Dans une courte, mais abracadabrante, dépêche d’à peine 189 mots publiée jeudi 9 février, l’APS aligne coup sur coup insultes à l’égard d’Amira Bouraoui, «qui n’est ni journaliste, ni militante, et qui n’est rien du tout», et accusations contre les «khabardji» (agents de renseignement pour les néophytes) français et, naturellement, contre le Maroc. Et pour cause: «Certains responsables au niveau de la DGSE (Direction générale de la sécurité extérieure en France, NDLR), du quai d’Orsay et certains conseillers franco-algériens (qui) ne cachent pas leur amour et leur vénération pour le makhzen» sont derrière cette affaire, écrit l’APS. Ceci, alors que le Royaume n’est concerné ni de près ni de loin par une affaire ayant au moins le mérite de montrer au monde la grande fragilité d’un régime que même son vassal tunisien n’hésite pas à «trahir».
Toujours dans le style fort de café, l’APS compare une simple (bien qu’ingénieuse) exfiltration d’une ressortissante française au «débarquement de la baie des Cochons», soit la tentative d’invasion militaire de Cuba par des exilés cubains soutenus par les États-Unis en avril 1961. Et de sonner, partant, la fin de la parenthèse enchantée entre Paris et Alger. «Il est désolant que tout ce qui a été construit entre les Présidents Tebboune et Macron, pour ouvrir une nouvelle page entre les deux pays, tombe en ruine et la rupture ne semble pas loin», lit-on. C’était trop intense pour durer, serait-on tenté de commenter.
Les faits confortent le chagrin algérien et la junte opère, comme elle seule sait le faire, une radicale marche-arrière sur tous les récents efforts de rapprochement entre les deux pays. On retiendra, comme on peut le lire dans un article d’Africa Intelligence, que le patron des services de renseignement algériens M’henna Djebbar, a annulé une rencontre avec son homologue français Bernard Emié, patron de la DGSE. Celle-ci devait avoir lieu hier jeudi à Paris. Le même jour, l’ambassadeur d’Algérie en France, Saïd Moussi, s’est envolé pour Alger puisque rappelé la veille «pour consultations». Également incertaine, la visite d’Etat que devait effectuer le président Abdelmadjid Tebboune en mai prochain en France, comme convenu avec son «ami» le président français Emmanuel Macron.

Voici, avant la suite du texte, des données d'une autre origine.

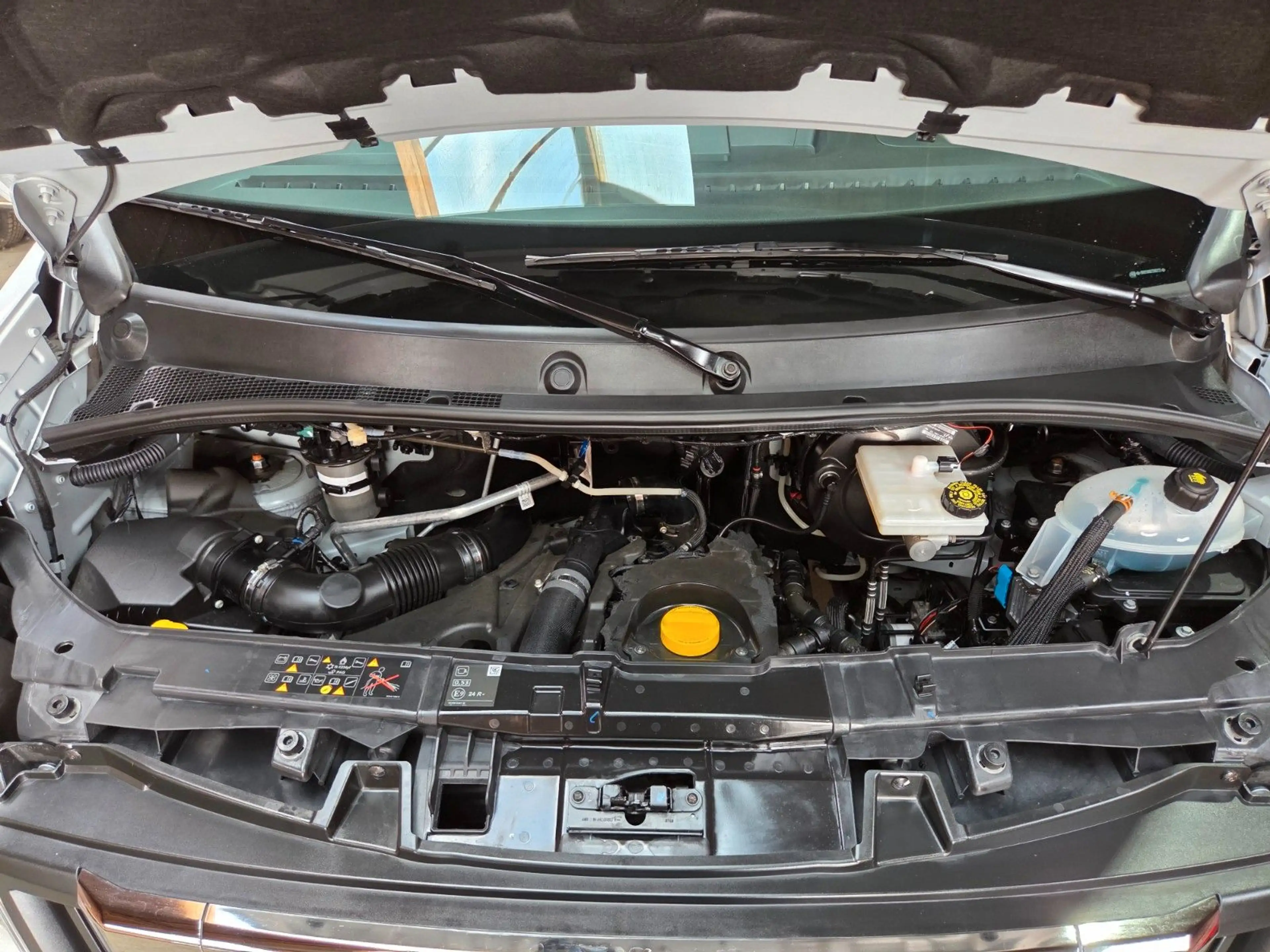 Nissan Interstar 9 Sitze Mobitec L2 H2 3,5t Acenta FWD — photo 10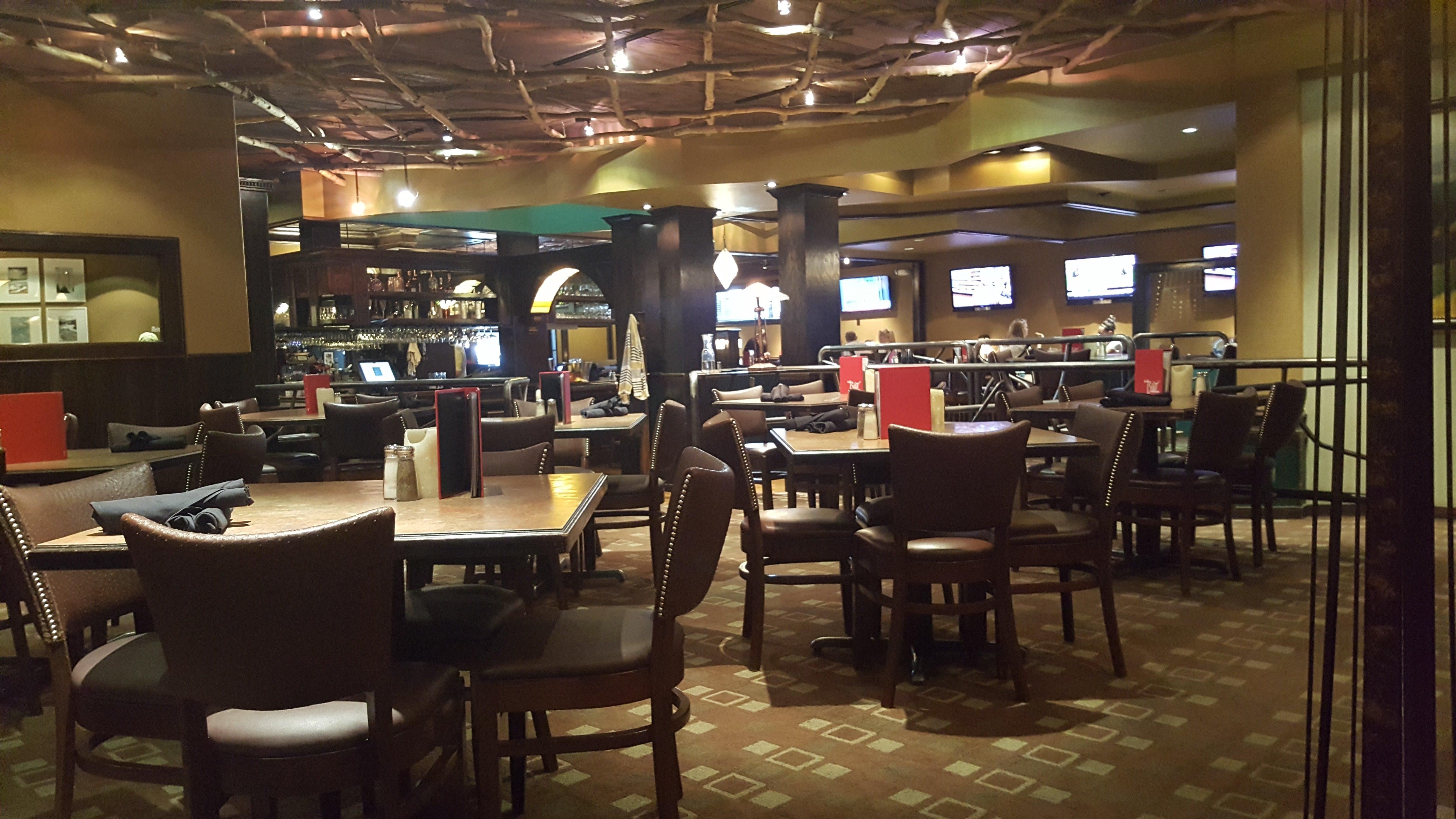 The Bay Bar & Grille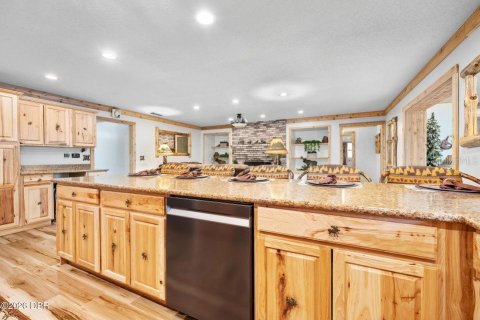 Villa ou maison à vendre à Daytona Beach, Floride: 3 chambres, 219.34 m2 № 2266496 - photo 8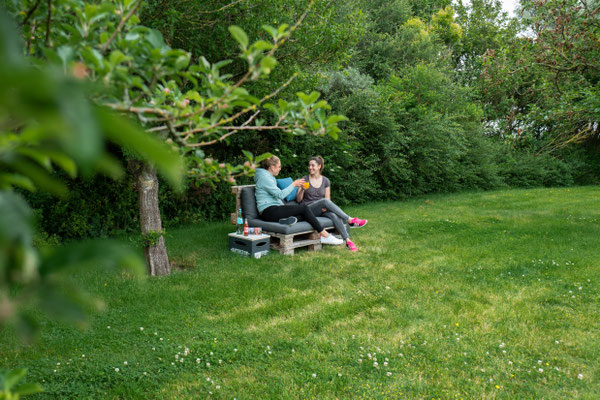 Sitzgelegenheiten im Garten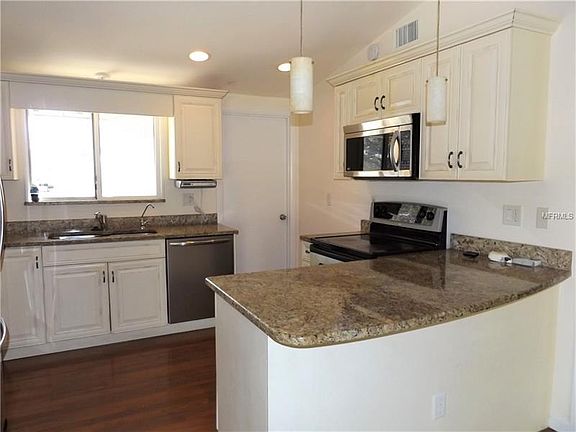 3rd image of 410 Cezanne Dr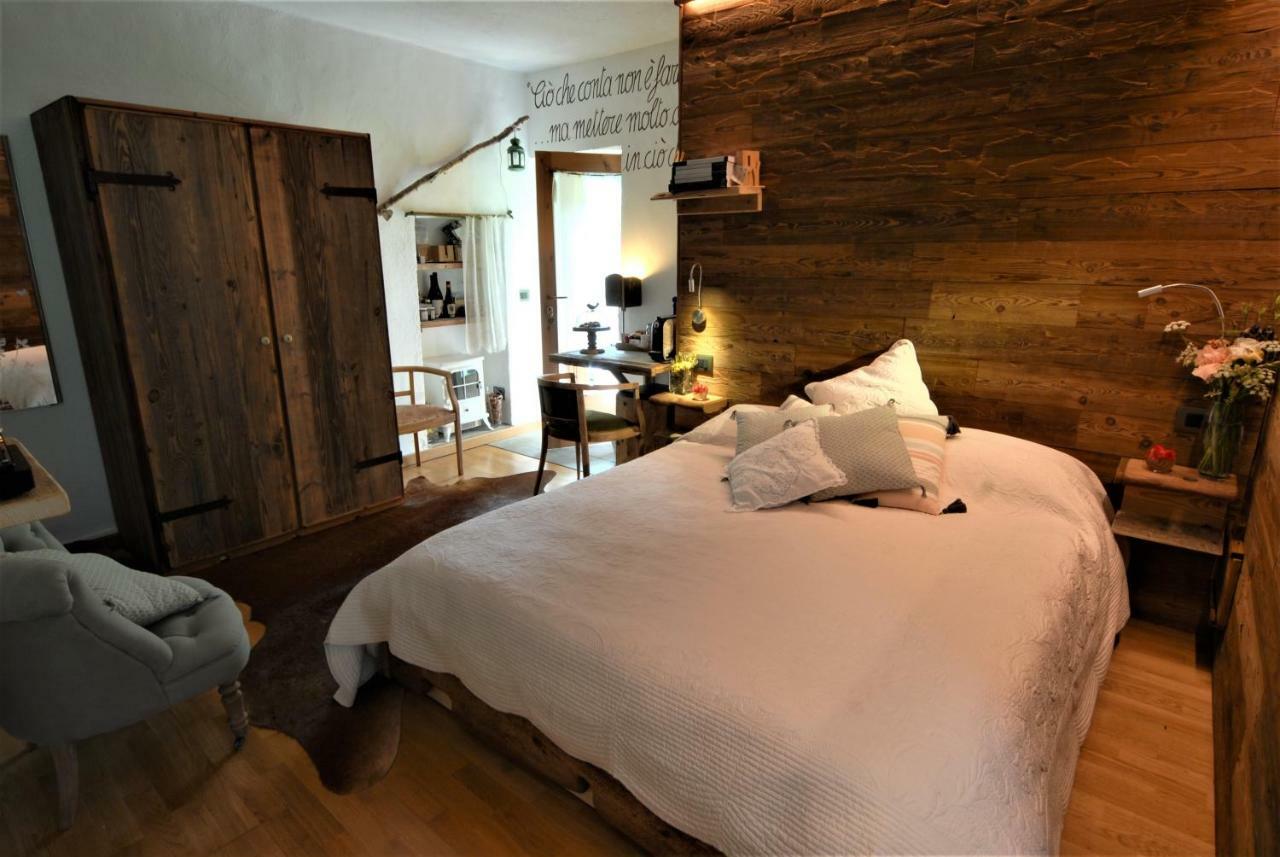 Grange Epiney Bed E Breakfast Bed and Breakfast La Salle Eksteriør billede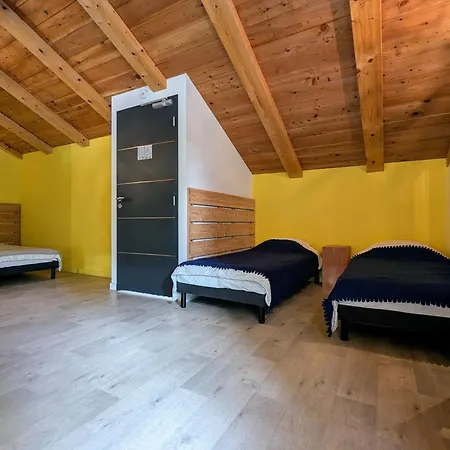 Hébergement de vacances Confortable Avec Piscine Chauffée, Pour 23 Pers., Idéal Pour Familles Et Amis - Fr-1-582-101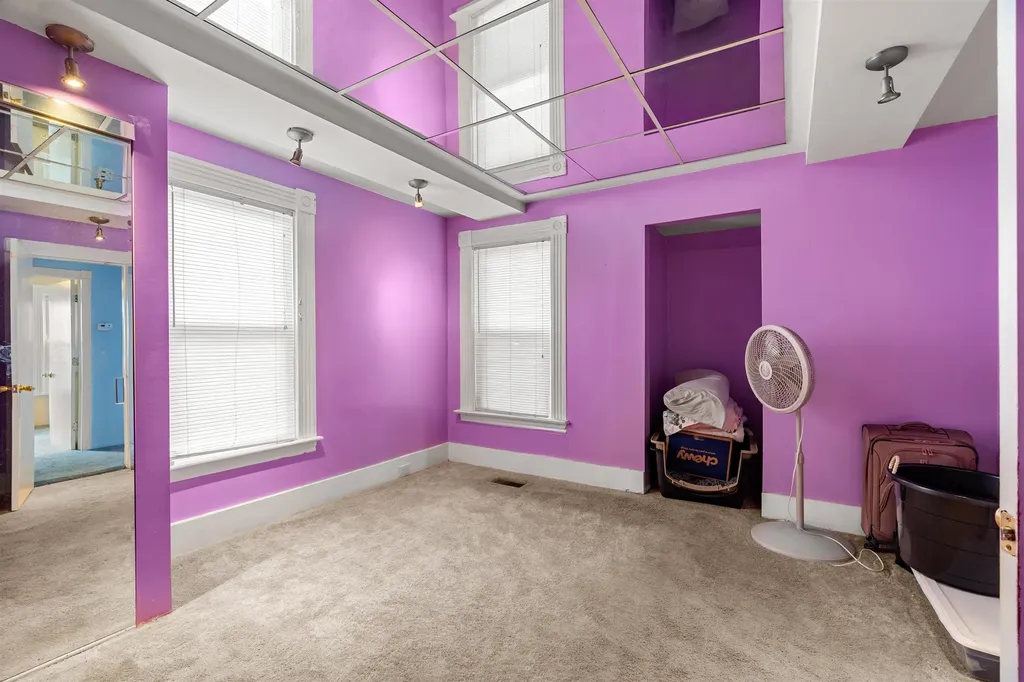 374 Bartlett Street Manchester NH 03102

«Alger souhaite désormais suspendre sa coopération militaire et économique avec la France, nous apprend Africa Intelligence. Pour commencer, il faudra faire sans le Comité mixte algéro-français de coopération économique (COMEFA) programmé le 16 février, repoussé au mois de mars et désormais écarté de l’agenda des deux pays. Idem pour la visite en France du président du patronat algérien (Crea) qui devait finaliser ce premier trimestre 2023 un accord avec le Medef. Des projets économiques et militaires majeurs, comme l’attribution au français TotalEnergies de nouveaux champs pétroliers et gaziers, sont compromis. Idem pour les négociations concernant l’exploitation de minerai stratégique par des groupes français. Autant dire que le château de cartes de l’idylle nouvelle entre Paris et Alger n’a pas tenu longtemps. Ainsi va l’Algérie qui est dirigée par des chibanis séniles et paranoïaques.